I was reading the following exercise (in a section for the pigeonhole principle):
There are $42$ students who are to share $12$ computers. Each student uses exactly $1$ computer and no computer is used by more than $6$ students. Show that at least $5$ computers are used by $3$ or more students.
My question is about the problem statement and a part of the solution presented in the text.
For the problem statement question: I think the statement
at least $5$ computers are used by $3$ or more
is non nonsensical. Since $1$ student uses exactly $1$ computer it is impossible for $5$ computers to be used by $3$ students.
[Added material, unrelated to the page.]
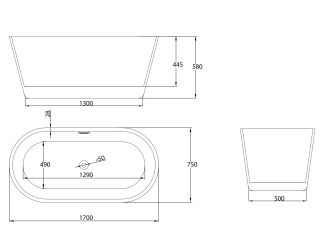Акриловая ванна Grossman Forta GR-1503M 170x75см белый матовый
Shouldn't the statement have been
at least $5$ computers are used by $5$ or more
Am I interpreting this the wrong way?
For the solution part:
The solution uses an argument by contradiction. So starts by supposing it is not the case that at least $5$ computers are used by $3$ or more. So we assume that $4$ or fewer computers are used by $3$ or more students. So far so good. Then the solution states:
Since $12 - 4 = 8$ or more computers are used by $2$ of fewer students.
But I don't understand this.
So apparently
When we have the statement
$4$ or fewer computers are used by $3$ or more students
is the complement of that statement that
$8$ or more computers are used by $2$ of fewer students
?
But how did we figure out that this is the correct statement?
I think "at least $5$ computers are used by $3$ or more students" means "we can find $5$ computers: A, B, C, D, E, such that A is used by at least 3 students, B is used by at least 3 students, and so on".
For solution, each computer falls into one of two groups: "used by 3 or more students" or "used by 2 or fewer students". This groups don't intersect, and their combined size is $12$. So, denoting the size of the first as $x$, and of the second as $y$, we have $x + y = 12$, statement "4 or fewer computers are used by 3 or more students" means $x \leq 4$ and statement "8 or more computers are used by $2$ or fewer students" means $y \geq 8$.
As $x + y = 12$ implies $y = 12 - x$, so $x \leq 4$ is equal to $12 - y \leq 4$, which, in turn, is equal to $y \geq 8$.